И мы отправились на поиски. Имени у кошки так пока и не было, поэтому мы не могли ее позвать. Мы, вдруг, оказались немыми. Мы обходили все дворы, заглядывали в подвальные окна. Так прошло несколько дней.
Наконец, мы поняли, что ничего не остается — надо зайти в тот дом, поискать там. Это был наш последний шанс. Дом был заброшенным строением, с пустыми
черными окнами. Мы с Людкой никогда не решались туда заходить. Казалось, что там нас подстерегает опасность. Какая именно — было неясно. И это пугало нас еще больше. Но сейчас мы должны были выполнить поручение. Это была наша защита. Мы толкнули дощатую дверь и вошли. Со стен свисали клочья сырых обоев. Коридор вел в единственную, узкую комнату. Мы двигались на цыпочках. Войдя туда, мы увидели, что в доме кто‑то живет. На полу валялись грязные одеяла. В центре комнаты стояла табуретка, а на ней — консервная банка с окурками. Над одним из одеял, на стене были приклеены картинки — улыбающаяся девушка в купальнике и молодой человек с азиатскими чертами лица и напряженным взглядом. Человек был полуголым. Людка сказала, что это — Брюс Ли, и что он очень здорово умеет драться. У них дома был видеомагнитофон, и она разбиралась. И вдруг, нам показалось, что мы слышим шаги. К нам явно кто‑то приближался, шел по коридору. Мы перелезли через подоконник, прыгнули на мокрую землю и побежали, что было сил.

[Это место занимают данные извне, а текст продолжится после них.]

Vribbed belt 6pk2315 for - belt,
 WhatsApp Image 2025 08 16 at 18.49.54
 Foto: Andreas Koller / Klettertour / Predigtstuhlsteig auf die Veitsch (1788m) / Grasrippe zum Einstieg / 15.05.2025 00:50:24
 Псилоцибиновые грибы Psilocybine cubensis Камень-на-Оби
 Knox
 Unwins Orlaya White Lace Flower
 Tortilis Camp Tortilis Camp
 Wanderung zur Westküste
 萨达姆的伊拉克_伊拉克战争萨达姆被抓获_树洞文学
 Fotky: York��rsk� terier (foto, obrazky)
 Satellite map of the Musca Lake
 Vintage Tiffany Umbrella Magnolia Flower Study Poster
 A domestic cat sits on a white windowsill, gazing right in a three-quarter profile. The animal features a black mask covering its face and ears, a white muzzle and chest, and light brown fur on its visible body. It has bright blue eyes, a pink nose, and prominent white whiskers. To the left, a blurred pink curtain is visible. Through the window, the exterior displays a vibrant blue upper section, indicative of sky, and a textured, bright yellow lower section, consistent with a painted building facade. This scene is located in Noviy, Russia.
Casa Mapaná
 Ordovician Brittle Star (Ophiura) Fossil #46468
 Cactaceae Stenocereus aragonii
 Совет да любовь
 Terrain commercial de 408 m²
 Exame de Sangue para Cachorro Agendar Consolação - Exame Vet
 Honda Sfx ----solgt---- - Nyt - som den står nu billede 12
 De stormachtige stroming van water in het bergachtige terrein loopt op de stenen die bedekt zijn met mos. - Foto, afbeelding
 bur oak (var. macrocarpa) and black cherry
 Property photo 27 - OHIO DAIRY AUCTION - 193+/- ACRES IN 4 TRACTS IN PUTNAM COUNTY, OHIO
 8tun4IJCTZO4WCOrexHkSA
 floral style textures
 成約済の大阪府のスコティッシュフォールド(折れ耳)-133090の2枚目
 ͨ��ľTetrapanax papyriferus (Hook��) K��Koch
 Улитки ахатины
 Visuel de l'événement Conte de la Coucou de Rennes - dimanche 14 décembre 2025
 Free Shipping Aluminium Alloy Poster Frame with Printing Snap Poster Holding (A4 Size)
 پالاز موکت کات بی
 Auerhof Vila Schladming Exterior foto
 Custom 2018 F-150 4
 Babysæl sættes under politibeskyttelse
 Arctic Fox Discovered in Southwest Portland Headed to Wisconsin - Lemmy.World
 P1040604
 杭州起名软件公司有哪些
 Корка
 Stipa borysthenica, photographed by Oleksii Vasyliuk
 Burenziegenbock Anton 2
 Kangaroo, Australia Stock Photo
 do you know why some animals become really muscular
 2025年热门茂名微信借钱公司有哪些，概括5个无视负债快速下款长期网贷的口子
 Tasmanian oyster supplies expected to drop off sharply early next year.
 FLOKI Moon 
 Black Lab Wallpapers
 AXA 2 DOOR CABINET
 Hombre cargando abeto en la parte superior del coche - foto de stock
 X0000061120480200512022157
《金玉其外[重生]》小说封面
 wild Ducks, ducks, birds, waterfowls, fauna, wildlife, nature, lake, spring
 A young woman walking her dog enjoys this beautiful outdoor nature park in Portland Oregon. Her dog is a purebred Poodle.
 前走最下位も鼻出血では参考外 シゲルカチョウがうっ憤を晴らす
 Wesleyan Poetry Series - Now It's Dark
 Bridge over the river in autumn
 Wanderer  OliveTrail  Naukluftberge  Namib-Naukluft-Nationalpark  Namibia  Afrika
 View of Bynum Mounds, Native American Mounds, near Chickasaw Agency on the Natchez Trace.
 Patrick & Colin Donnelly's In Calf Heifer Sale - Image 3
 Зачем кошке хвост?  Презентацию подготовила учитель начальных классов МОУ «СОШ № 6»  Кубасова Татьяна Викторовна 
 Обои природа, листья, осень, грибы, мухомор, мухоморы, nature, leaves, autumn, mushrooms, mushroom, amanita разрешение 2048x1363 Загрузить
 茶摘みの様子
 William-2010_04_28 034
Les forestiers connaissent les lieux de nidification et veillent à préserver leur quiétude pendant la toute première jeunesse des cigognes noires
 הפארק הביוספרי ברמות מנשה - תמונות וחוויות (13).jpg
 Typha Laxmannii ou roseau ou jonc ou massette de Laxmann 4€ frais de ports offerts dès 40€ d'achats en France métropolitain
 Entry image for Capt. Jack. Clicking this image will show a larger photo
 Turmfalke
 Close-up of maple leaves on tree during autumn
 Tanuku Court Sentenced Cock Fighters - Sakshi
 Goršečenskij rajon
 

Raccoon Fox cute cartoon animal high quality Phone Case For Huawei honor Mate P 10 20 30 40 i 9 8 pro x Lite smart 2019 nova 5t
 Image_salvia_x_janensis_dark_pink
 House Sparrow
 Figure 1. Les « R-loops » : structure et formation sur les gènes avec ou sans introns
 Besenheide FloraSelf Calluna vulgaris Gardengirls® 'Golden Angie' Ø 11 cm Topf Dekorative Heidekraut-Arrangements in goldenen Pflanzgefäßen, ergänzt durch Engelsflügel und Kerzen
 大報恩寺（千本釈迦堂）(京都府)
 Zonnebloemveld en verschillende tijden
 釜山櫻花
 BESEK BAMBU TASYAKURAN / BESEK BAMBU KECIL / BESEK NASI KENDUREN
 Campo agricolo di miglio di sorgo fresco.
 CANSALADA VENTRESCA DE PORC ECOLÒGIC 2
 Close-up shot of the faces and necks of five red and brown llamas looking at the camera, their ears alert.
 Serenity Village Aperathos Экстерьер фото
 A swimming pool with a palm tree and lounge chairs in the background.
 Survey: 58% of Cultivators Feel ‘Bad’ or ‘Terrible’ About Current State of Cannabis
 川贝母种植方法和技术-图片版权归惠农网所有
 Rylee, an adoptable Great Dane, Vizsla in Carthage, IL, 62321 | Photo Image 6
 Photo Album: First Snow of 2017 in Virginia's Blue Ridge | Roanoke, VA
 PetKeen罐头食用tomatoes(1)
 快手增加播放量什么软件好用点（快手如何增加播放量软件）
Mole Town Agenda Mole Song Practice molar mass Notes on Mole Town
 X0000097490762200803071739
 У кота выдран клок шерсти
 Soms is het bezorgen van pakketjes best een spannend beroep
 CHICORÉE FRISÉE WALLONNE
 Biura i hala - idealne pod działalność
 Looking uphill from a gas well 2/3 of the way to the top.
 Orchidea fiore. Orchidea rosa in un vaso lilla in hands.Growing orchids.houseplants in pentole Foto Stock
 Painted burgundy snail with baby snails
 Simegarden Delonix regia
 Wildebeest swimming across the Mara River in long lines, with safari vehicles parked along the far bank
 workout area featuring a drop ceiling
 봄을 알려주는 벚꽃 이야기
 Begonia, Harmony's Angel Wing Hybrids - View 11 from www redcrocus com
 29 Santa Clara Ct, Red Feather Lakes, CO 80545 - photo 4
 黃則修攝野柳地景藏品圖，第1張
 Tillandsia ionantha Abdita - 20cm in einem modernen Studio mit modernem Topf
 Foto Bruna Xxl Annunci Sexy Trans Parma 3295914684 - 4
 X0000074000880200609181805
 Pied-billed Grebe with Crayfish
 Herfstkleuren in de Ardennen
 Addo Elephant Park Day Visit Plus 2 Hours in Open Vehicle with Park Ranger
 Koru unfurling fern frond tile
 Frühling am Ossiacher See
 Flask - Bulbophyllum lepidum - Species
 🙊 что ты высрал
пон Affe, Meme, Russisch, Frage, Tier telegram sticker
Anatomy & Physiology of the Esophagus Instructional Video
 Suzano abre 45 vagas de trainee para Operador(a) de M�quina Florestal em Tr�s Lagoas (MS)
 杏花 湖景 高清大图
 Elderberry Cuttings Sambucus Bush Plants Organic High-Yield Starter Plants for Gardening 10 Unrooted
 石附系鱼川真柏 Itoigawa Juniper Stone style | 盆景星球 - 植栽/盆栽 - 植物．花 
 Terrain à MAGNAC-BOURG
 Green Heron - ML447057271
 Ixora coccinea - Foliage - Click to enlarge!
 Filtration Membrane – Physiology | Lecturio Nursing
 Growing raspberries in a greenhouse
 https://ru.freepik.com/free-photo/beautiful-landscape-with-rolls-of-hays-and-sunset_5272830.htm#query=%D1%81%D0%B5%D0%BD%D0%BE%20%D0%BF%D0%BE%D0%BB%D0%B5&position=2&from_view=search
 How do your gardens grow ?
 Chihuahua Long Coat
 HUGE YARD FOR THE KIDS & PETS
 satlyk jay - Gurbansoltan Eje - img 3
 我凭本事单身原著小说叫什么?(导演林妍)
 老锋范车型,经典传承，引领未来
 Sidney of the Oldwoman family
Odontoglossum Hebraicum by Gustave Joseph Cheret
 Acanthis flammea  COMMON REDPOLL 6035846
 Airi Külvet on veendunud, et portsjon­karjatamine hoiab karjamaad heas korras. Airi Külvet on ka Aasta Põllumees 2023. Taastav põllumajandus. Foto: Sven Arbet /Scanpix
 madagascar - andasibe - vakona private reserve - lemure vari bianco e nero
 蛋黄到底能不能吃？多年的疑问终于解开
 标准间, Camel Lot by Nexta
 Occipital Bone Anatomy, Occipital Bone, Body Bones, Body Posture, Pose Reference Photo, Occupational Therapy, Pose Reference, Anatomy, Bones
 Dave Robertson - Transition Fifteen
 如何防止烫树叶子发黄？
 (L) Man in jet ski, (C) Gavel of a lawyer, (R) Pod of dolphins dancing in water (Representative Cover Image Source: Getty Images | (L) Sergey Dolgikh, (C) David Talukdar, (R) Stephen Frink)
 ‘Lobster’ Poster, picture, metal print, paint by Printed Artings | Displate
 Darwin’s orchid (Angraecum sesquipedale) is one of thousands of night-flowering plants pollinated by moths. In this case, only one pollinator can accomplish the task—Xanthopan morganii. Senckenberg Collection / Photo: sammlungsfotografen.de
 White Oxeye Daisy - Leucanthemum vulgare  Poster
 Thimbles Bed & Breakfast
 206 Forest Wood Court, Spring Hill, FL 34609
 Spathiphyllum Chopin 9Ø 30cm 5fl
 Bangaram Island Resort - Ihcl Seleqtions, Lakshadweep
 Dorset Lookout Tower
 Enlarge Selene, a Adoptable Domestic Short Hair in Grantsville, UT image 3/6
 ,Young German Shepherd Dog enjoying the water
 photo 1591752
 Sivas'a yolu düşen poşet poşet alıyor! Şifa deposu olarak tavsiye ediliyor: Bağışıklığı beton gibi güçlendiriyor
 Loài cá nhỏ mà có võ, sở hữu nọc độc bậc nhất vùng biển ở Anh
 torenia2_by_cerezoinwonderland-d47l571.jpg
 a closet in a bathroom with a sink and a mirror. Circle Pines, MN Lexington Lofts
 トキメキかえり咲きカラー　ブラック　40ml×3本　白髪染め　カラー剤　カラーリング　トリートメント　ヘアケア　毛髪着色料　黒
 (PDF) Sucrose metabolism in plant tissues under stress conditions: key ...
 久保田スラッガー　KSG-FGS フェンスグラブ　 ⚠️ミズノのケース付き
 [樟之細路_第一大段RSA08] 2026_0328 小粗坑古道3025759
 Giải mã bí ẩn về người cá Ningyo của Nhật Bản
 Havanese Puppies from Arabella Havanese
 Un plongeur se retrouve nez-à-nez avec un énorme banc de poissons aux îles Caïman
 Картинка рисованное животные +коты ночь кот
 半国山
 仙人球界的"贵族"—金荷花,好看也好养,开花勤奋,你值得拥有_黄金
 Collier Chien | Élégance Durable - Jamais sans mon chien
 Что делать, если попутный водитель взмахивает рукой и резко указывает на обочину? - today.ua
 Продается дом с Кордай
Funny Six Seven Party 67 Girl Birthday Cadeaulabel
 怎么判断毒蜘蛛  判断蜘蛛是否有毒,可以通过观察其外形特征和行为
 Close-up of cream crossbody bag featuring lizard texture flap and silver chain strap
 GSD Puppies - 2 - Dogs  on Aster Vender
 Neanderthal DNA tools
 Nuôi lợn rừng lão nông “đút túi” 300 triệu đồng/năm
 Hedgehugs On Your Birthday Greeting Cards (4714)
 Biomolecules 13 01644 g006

— Людка, — сказала я, — когда мы остановились, чтобы отдышаться, — а, может, эта кошка давно к своей хозяйке вернулась? Как Королевская Аналостанка. А мы только зря ее ищем.
— Ага, — отозвалась Людка, — вернулась. На троллейбусе к ней поехала. Конечно.
Но что делать дальше, было совершенно неясно.
А на следующий день Людка не пришла в школу. Я позвонила ей вечером, но ее мама ответила, что Люда к телефону подойти не может, и что гулять она тоже не пойдет. И бросила трубку. А еще через пару дней к нам в класс зашла завуч.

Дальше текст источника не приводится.